Make sure your adviser is legit. If you're looking for an adviser, ask friends and relatives for recommendations—but don't stop there. A scary truth is that anyone can call himself or herself a financial planner or adviser, so it pays to check with national organizations that issue credentials. They include the National Association of Personal Financial Advisers, the Financial Planning Association, and the Certified Financial Board of Standards. Each offers a searchable database with contact information for planners in each state. The American Institute of Certified Public Accountants has a list of CPAs who've earned the personal financial specialist designation.

Dig deep. Put on your gumshoes and find out how long the adviser has been in the business. Ask to see his or her ADV Form, Part II, which a planner files with the Securities and Exchange Commission. It contains information about the adviser's background, services, and fees. Check for complaints filed though your state's securities regulator (contact information is available here). A site visit might also be helpful, says Tim Kochis, chief executive of Aspiriant, a wealth management firm with offices in San Francisco and Los Angeles that caters to high-net-worth clients. "Reputation and apparent track record are not enough," he says. "You have to go way beyond that to really investigate the operations of the org and find out if what is claimed is real."

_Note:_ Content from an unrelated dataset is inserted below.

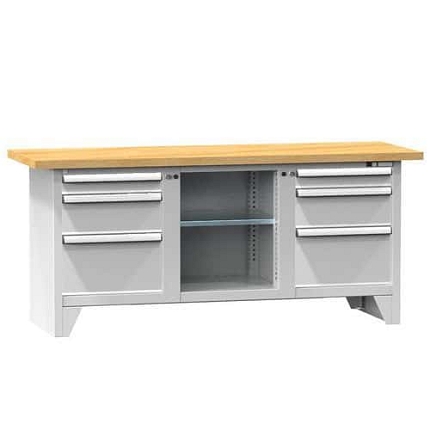 Modulární dílenské stoly PS2-1M, 2000 x 700 x 880 mm, MULTIPLEX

Understand the difference between a manager and a custodian. A custodian, which would include the Fidelitys and Charles Schwabs of the world, is in possession of your investment account and issues periodic statements of transactions. The manager of assets executes those transactions. "A lot of people fail to understand why it's important to separate these functions," says Kochis. "Frauds almost always occur when those two things are put together." In other words, look out for an investment manager who wants complete control of your money and asks that checks be made out to him or her. You can sleep tight if your funds are in the custody of a broker-dealer firm regulated by the Financial Industry Regulatory Authority and backed by the Securities Investor Protection Corp. But make sure you receive at least quarterly statements, says Mickey Cargile, founder and managing partner WNB Private Client Services, which is based in Midland, Texas. "The key is that you get it directly from the custodian and not from the adviser."

Be skeptical of pitches for exotic or obscure products. Banks, brokerages, and planners offer a wide range of financial products, including exotic investments that incorporate leverage and complex derivatives. If you get a pitch for an asset class you're not familiar with, make sure you understand the process by which it achieves returns. Jim Wiandt, editor and publisher of the Journal of Indexes and publisher of IndexUniverse.com, puts it like this: "If you don't understand it, you shouldn't be in it." Cargile takes it a step further: "Only invest in transparent assets. We don't invest in anything we can't turn to cash in three days or less, which limits us to stocks, bonds, mutual funds, and exchange-traded funds." A hedge fund, which isn't required to disclose its holdings, is an example of a nontransparent investment. Also, be especially wary if your adviser downplays or denies risk.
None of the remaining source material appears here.